***** LISTED ENTRIES *****

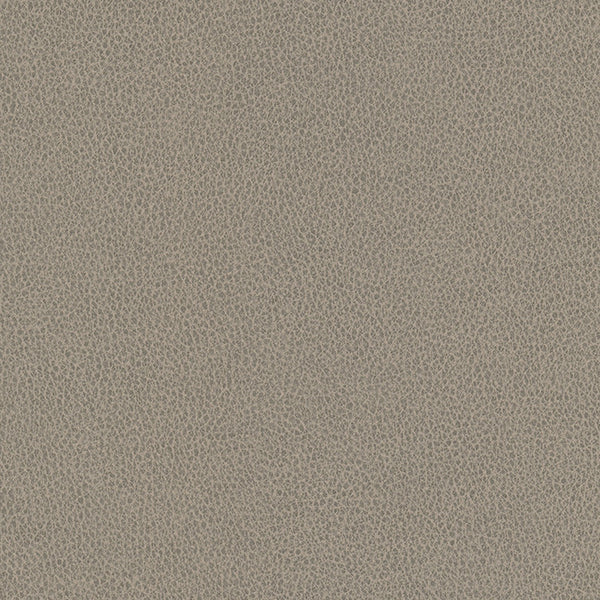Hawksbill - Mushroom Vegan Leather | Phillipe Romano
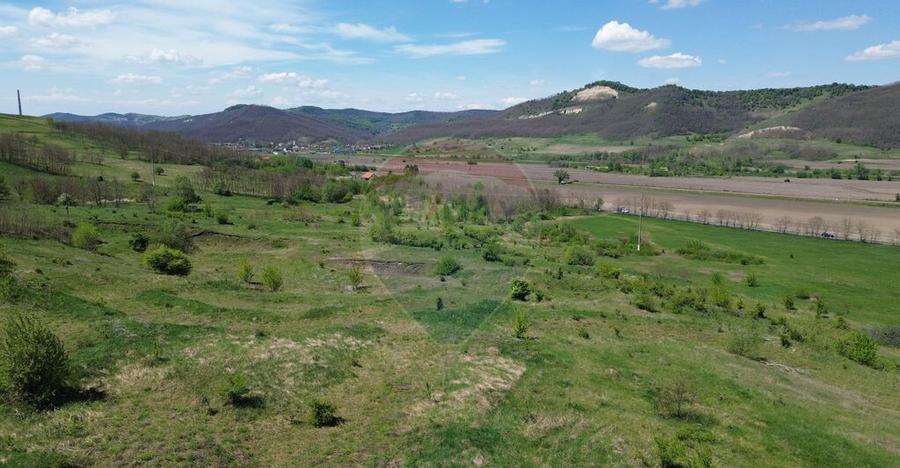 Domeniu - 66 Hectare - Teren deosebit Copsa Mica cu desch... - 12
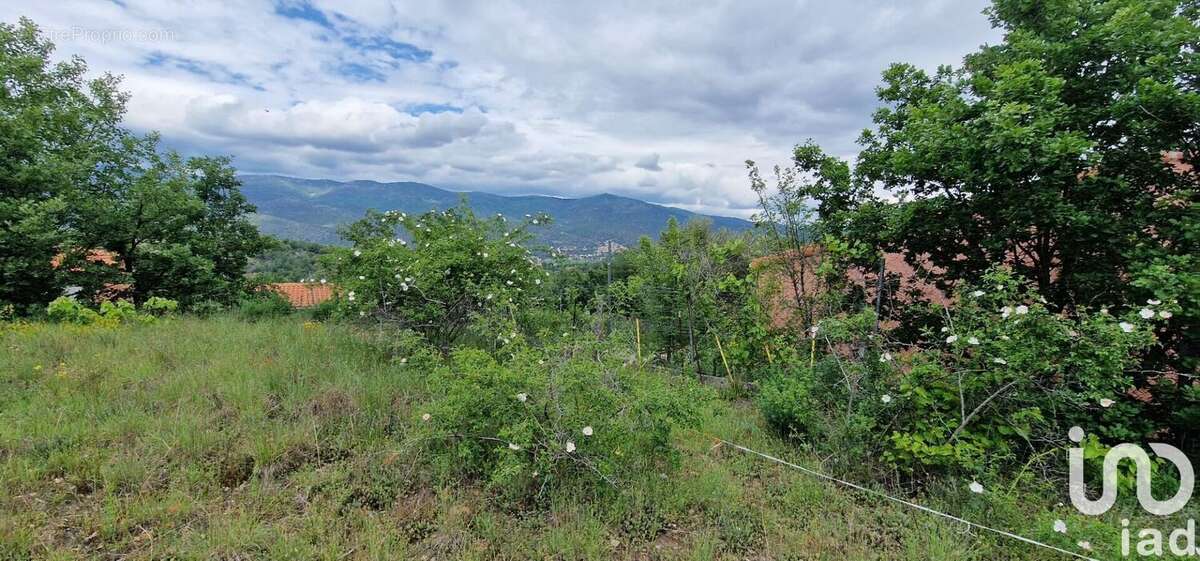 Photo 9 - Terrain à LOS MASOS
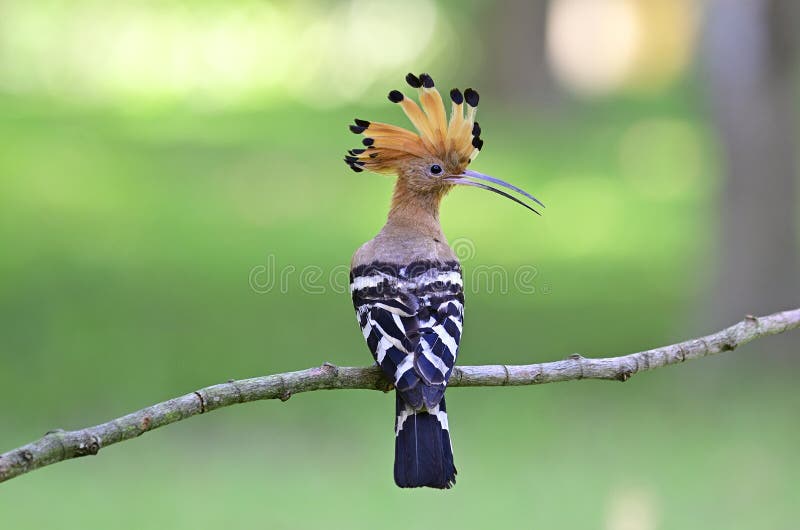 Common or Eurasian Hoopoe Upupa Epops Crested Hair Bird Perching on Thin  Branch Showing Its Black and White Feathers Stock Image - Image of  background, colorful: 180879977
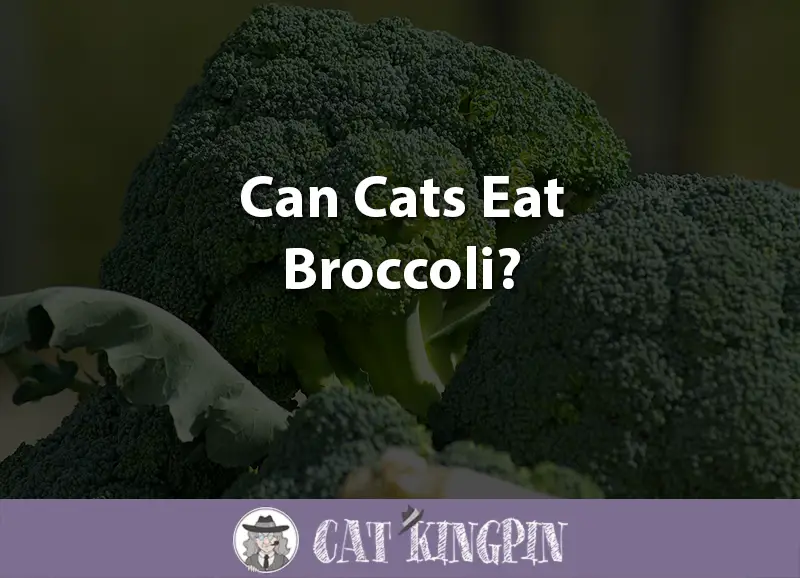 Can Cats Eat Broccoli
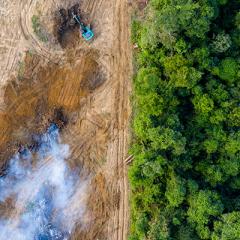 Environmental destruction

*****

§ EXERCISE AIM
Reproduce every entry word for word, but omit the pictures.

§ YOUR SOLUTION
Hawksbill - Mushroom Vegan Leather | Phillipe Romano
 Domeniu - 66 Hectare - Teren deosebit Copsa Mica cu desch... - 12
 Photo 9 - Terrain à LOS MASOS
 Common or Eurasian Hoopoe Upupa Epops Crested Hair Bird Perching on Thin  Branch Showing Its Black and White Feathers Stock Image - Image of  background, colorful: 180879977
 Can Cats Eat Broccoli
 Environmental destruction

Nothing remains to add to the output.